▶ [Exercise] For the copy, please give all of the data again exactly and leave the pictures out.

▶ [Dataset section]
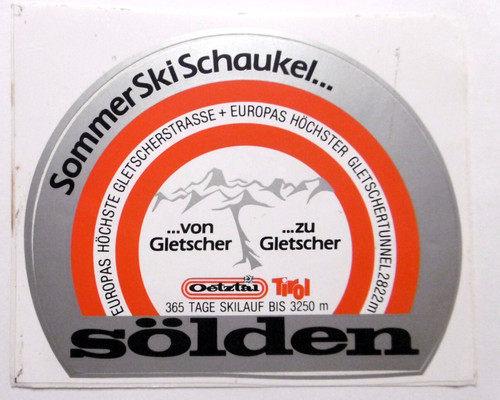 Souvenir aufkleber sölden - souvenir-aufkleber,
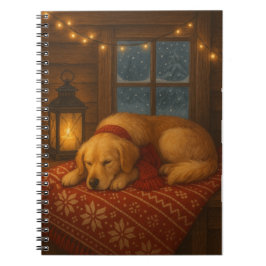 Golden Retriever kerstkaart Notitieboek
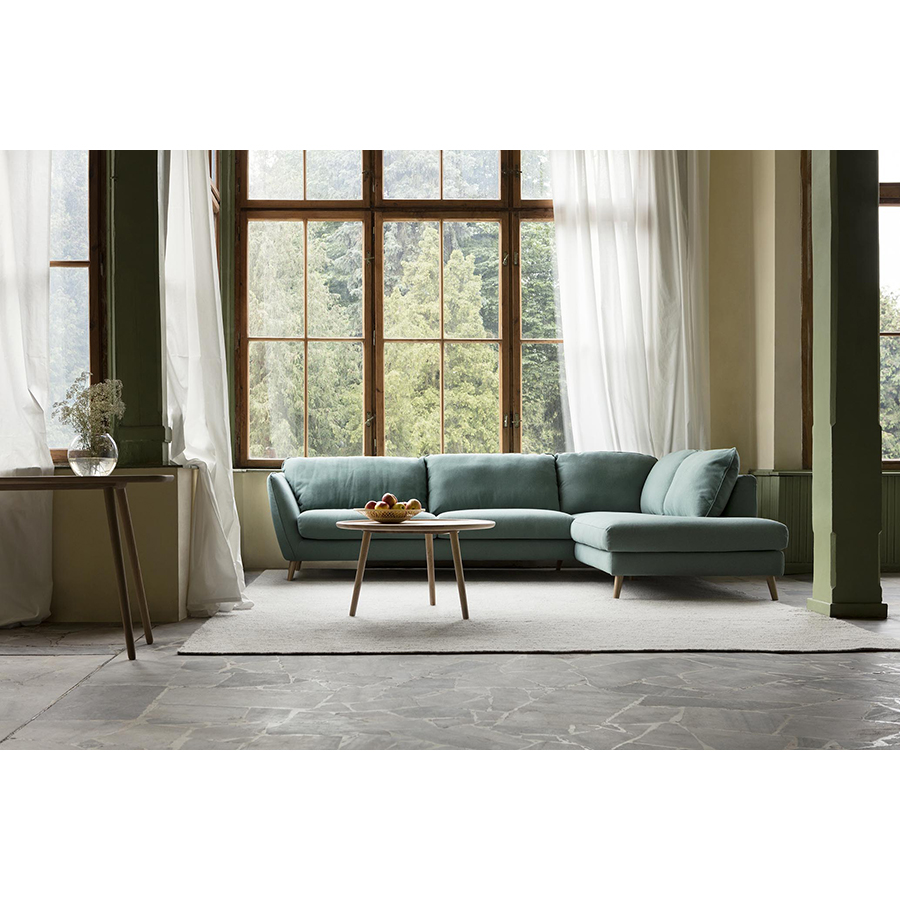 Диван угловой Stella, правосторонний, молочный Sits S1647 - Вид №1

▶ [Answer area]
 Souvenir aufkleber sölden - souvenir-aufkleber,
 Golden Retriever kerstkaart Notitieboek
 Диван угловой Stella, правосторонний, молочный Sits S1647 - Вид №1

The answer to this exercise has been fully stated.